=== Exercise data ===

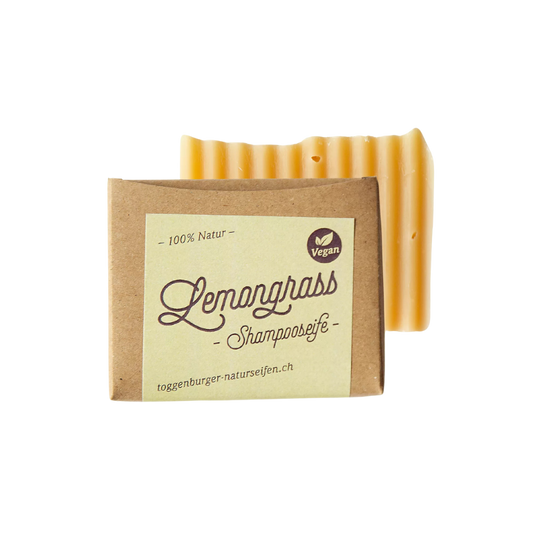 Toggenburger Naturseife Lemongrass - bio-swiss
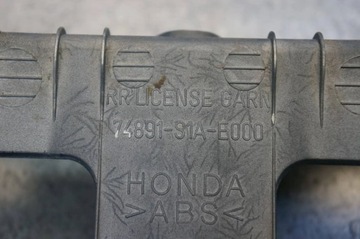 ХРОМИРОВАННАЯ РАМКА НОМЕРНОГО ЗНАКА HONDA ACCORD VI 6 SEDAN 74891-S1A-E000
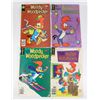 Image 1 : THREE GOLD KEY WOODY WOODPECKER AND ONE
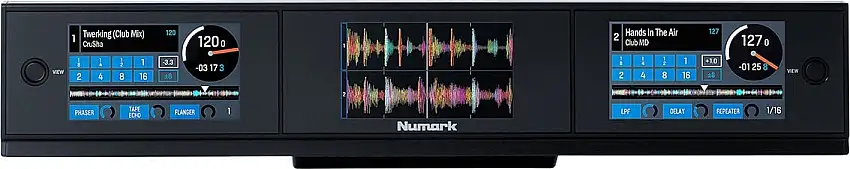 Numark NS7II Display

===
=== Exercise data ===

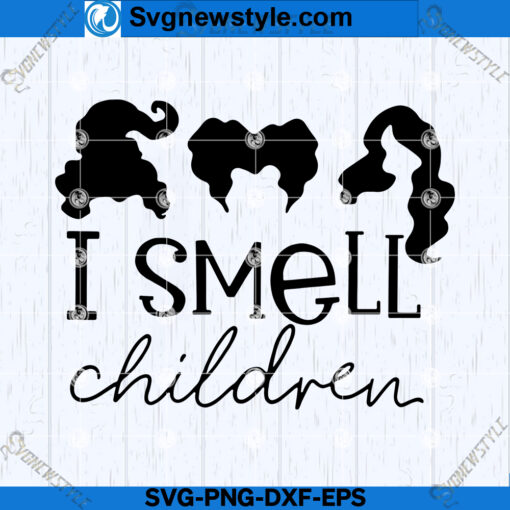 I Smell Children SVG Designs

===

Give back exactly the lines of the listing above from the one that contains "Toggenburger Naturseife Lemongrass" up to and including the one that contains "Numark NS7II Display", but not the pictures, and no other lines.

 Toggenburger Naturseife Lemongrass - bio-swiss
 ХРОМИРОВАННАЯ РАМКА НОМЕРНОГО ЗНАКА HONDA ACCORD VI 6 SEDAN 74891-S1A-E000
 Image 1 : THREE GOLD KEY WOODY WOODPECKER AND ONE
 Numark NS7II Display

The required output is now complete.